Deal: The girls athletics were big then too. The classes played each other. I didn't play in any of them, but we went and watched the games. That was real exciting.
When we first came here we didn't have any holiday except one day at Thanksgiving and we stayed here. They had a game Thanksgiving Day, I think. We stayed here weekends all the time.
The summer schools were real interesting. They were small. They had free movies every week and watermelon feasts, as they called them, right there back of those houses. We saw a whole lot of those summer school students.
Bratton: A lot of them were teacher.
Deal: Most of them were.
Bratton: They were older.
Deal: At first they were all teachers, but later there were some who tried to finish school in three years and they would come every summer. But at first they were nearly all teachers that were coming back. In fact, some of them had started teaching after one year of college. They got what they called a C Certificate.
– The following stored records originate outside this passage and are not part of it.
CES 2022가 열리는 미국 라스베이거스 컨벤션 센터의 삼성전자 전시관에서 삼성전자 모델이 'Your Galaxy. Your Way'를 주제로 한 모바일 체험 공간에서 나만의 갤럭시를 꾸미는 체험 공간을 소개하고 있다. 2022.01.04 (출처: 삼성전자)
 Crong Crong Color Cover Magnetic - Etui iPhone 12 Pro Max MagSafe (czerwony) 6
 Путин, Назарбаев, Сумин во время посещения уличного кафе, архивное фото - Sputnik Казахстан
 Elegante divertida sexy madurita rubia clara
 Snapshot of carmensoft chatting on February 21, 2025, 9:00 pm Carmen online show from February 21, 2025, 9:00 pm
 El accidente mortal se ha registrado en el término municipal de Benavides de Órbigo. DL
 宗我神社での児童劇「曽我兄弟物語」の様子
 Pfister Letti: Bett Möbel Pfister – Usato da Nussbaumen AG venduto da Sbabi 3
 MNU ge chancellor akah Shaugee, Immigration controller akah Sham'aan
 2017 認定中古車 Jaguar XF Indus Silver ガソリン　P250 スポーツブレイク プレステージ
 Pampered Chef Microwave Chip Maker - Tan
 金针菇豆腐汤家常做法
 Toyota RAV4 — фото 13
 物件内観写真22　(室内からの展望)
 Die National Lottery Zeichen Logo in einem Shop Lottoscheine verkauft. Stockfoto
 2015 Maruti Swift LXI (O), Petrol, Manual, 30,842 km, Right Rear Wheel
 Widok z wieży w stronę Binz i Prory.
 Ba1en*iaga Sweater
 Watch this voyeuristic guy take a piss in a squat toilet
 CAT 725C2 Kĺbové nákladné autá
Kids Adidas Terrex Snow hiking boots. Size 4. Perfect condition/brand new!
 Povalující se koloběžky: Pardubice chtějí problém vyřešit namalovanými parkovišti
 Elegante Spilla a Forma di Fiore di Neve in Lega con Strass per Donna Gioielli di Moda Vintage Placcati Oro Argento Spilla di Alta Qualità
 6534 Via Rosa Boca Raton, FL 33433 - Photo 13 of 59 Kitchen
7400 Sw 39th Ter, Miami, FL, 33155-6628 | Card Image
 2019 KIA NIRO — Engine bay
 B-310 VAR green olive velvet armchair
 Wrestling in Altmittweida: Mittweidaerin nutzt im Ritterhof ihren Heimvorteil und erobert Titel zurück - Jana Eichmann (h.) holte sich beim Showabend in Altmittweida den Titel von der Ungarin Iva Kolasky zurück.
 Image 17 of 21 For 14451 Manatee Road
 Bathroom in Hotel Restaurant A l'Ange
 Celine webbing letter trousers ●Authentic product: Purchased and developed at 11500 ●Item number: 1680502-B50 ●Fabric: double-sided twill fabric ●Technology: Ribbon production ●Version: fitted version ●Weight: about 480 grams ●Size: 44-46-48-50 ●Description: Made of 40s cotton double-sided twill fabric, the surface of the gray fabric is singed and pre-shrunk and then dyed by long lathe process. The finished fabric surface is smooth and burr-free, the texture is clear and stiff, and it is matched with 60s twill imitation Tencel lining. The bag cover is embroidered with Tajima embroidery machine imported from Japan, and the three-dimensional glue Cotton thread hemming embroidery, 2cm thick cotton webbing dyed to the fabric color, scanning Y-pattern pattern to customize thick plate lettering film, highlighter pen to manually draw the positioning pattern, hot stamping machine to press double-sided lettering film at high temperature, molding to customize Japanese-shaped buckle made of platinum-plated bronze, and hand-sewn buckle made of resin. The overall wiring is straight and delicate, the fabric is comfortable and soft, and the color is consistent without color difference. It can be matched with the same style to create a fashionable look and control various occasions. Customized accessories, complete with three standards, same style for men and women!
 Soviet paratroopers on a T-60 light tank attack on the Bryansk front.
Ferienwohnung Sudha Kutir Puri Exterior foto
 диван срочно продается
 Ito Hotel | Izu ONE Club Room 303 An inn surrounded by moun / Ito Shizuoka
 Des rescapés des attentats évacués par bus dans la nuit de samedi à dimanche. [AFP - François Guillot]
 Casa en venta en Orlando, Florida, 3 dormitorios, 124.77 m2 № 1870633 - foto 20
Bratton: Then they worked their way up.
Deal: In the annual there was an A class and a B class. What was that?
Bratton: I think when they first started the Teachers Training School they had two high school classes. They were phasing that out when you came. I think 1923 and 1924 were the last years of those classes.
Deal: We were looking at that and we couldn't understand what they meant by A and B.
Bratton: They didn't use Freshman and so on, they used A, B, C and D. The two college classes were C and D. The high school classes were A and B. When they went to the four-year college they phased out the high school.
Miss Morton was here as dean. Mrs. Beckwith was here when you came. What was your impression of her?
Deal: Well, she was a real aristocratic type lady. She wanted all the girls to be that way. If they made the least bit of noise in the dining room, she'd say, "Now girls, don't do that." She went well with Dr. Robert Wright too. They were "old school" people. We thought a lot of Mrs. Beckwith. The students respected her.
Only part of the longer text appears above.